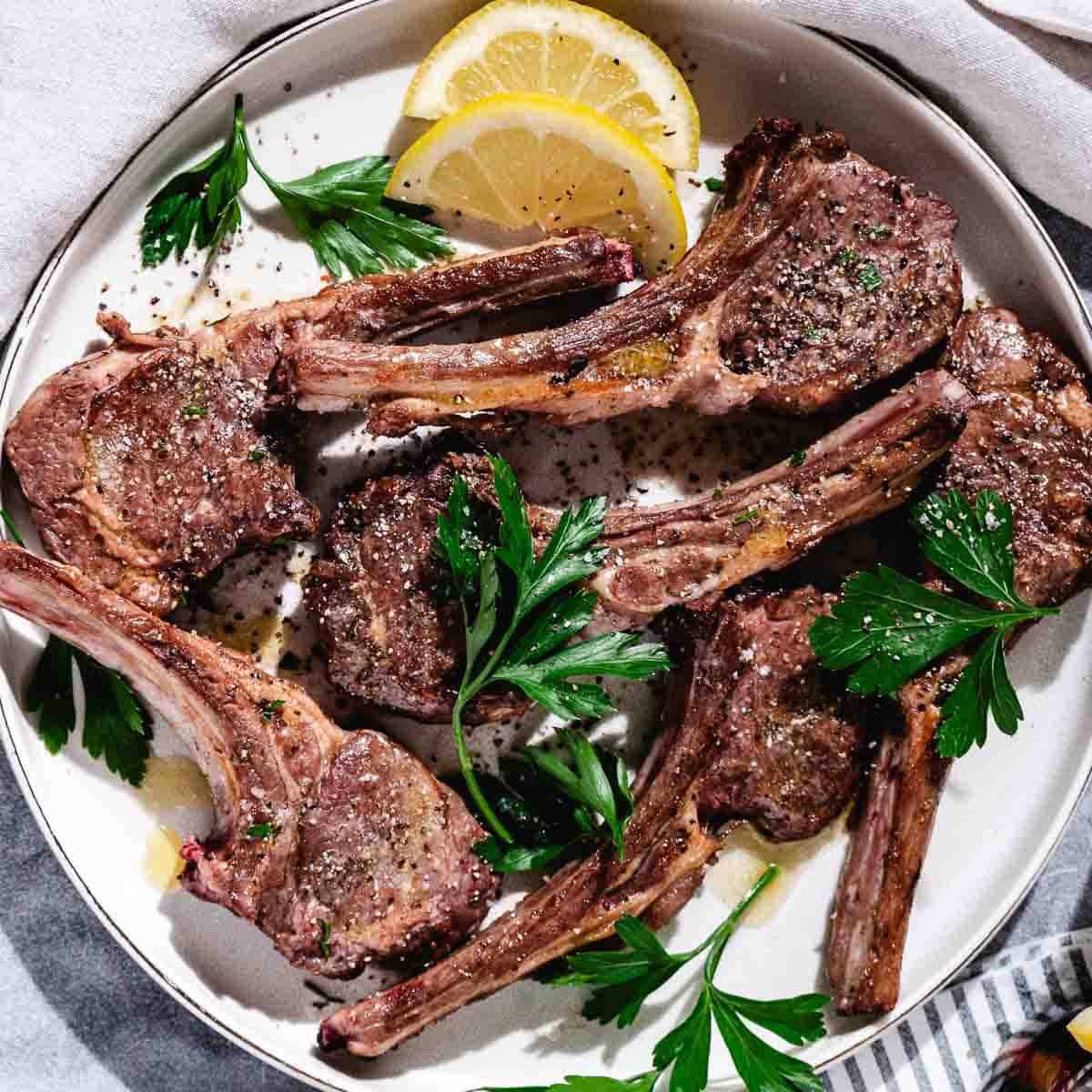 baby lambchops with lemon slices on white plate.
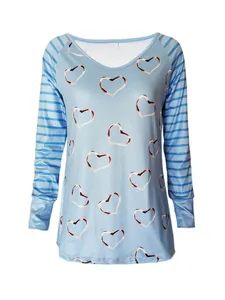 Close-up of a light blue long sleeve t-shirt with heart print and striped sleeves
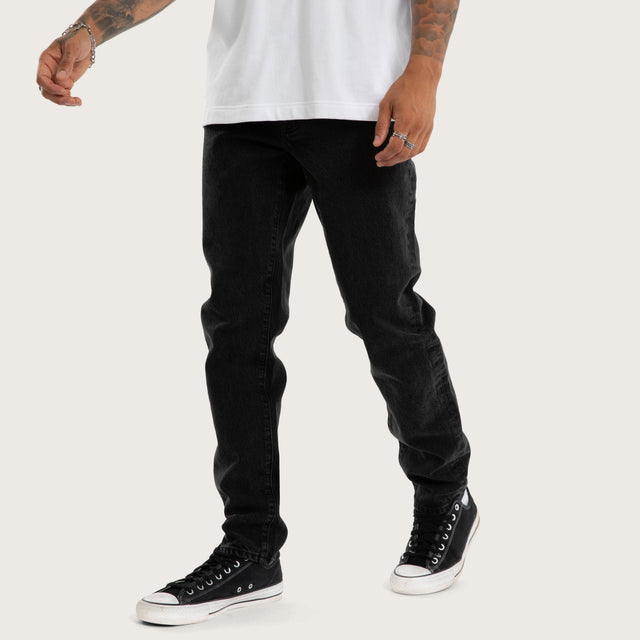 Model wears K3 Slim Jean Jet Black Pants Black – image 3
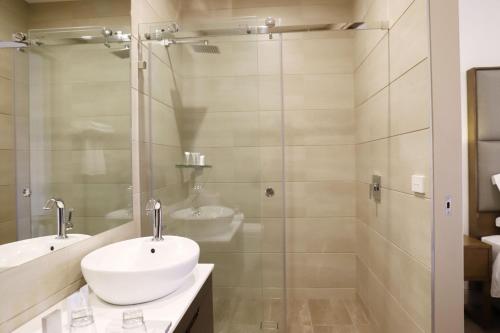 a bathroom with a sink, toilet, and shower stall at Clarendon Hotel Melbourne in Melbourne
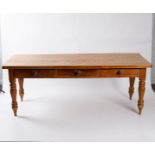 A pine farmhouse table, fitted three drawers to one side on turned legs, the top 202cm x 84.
==================================================
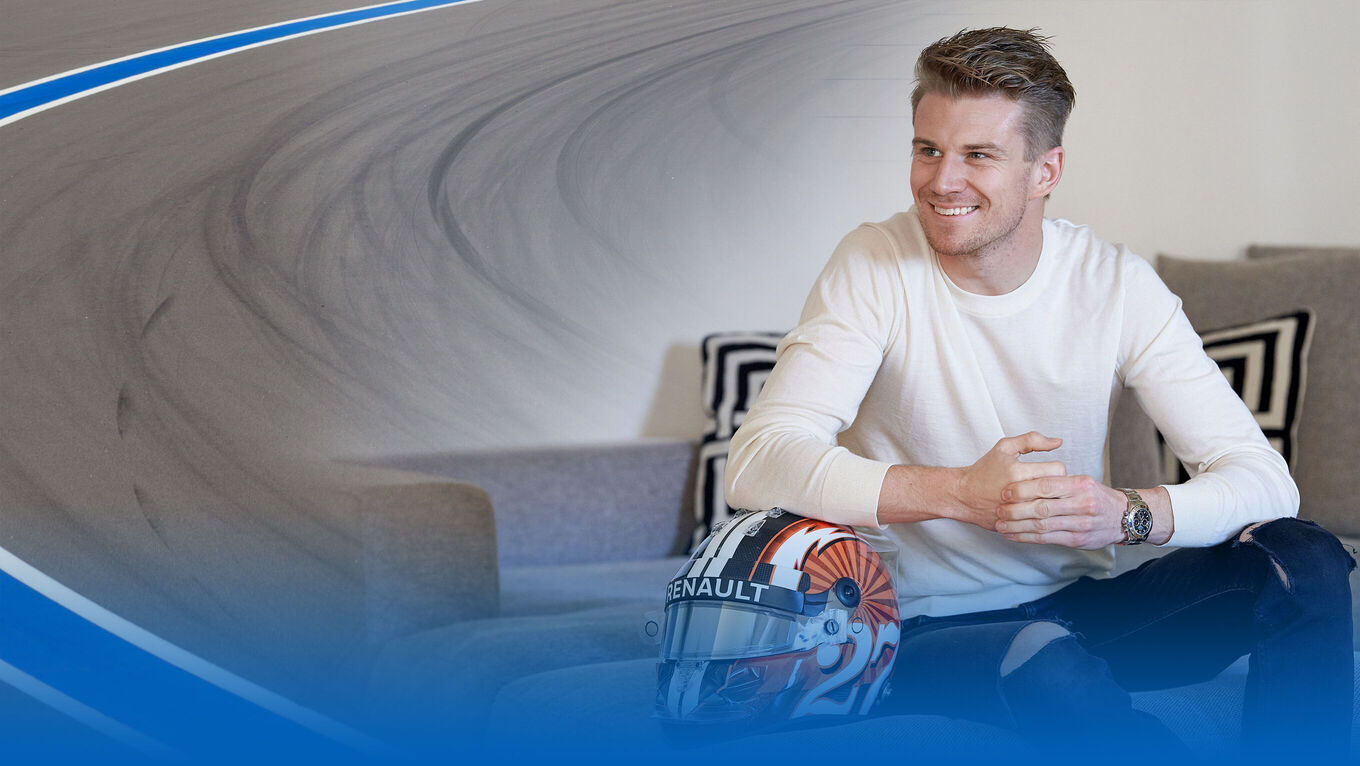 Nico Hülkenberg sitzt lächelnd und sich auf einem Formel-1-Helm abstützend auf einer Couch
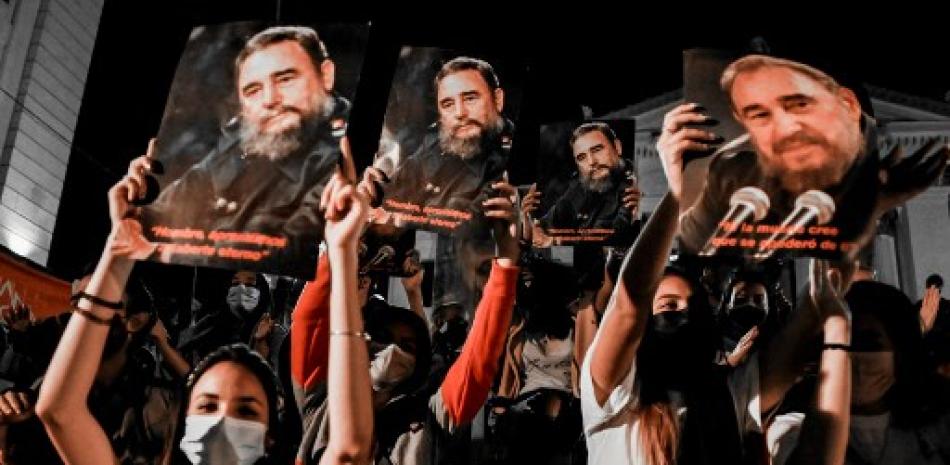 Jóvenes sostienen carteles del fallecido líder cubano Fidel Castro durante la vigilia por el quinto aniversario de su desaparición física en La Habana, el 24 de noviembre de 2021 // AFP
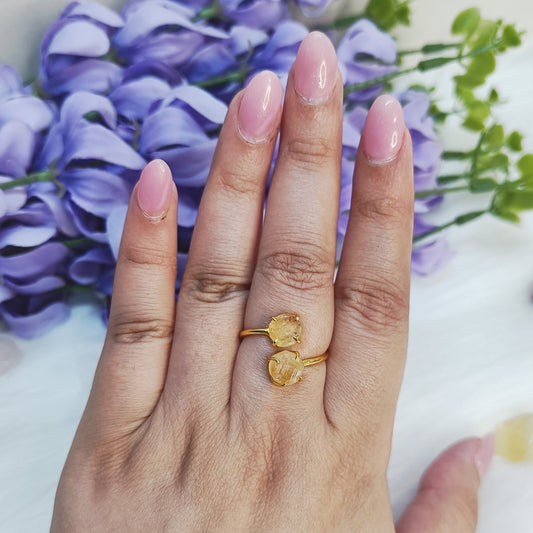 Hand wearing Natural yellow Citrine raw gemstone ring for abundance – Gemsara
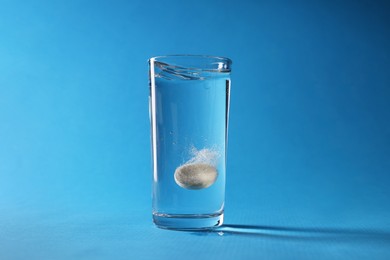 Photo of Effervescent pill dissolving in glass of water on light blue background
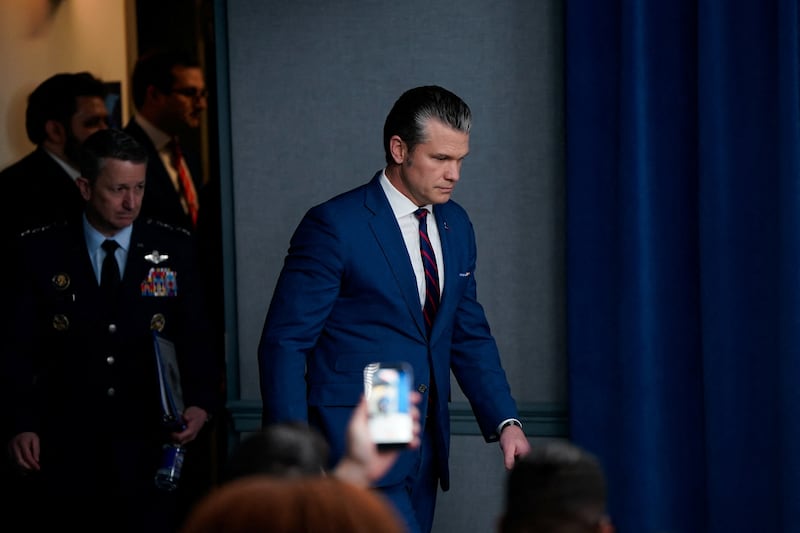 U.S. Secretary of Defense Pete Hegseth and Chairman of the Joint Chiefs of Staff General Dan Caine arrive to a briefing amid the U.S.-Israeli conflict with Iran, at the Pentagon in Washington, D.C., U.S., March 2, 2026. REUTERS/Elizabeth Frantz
==================================================
#### Exercise directions:
In the entries above, find the line with "Nico Hülkenberg sitzt" and the line with "U.S. Secretary of". Write out exactly those two lines and every line between them, pictures excluded.

#### Response to the task:
 Nico Hülkenberg sitzt lächelnd und sich auf einem Formel-1-Helm abstützend auf einer Couch
 Jóvenes sostienen carteles del fallecido líder cubano Fidel Castro durante la vigilia por el quinto aniversario de su desaparición física en La Habana, el 24 de noviembre de 2021 // AFP
 Hand wearing Natural yellow Citrine raw gemstone ring for abundance – Gemsara
 Photo of Effervescent pill dissolving in glass of water on light blue background
 U.S. Secretary of Defense Pete Hegseth and Chairman of the Joint Chiefs of Staff General Dan Caine arrive to a briefing amid the U.S.-Israeli conflict with Iran, at the Pentagon in Washington, D.C., U.S., March 2, 2026. REUTERS/Elizabeth Frantz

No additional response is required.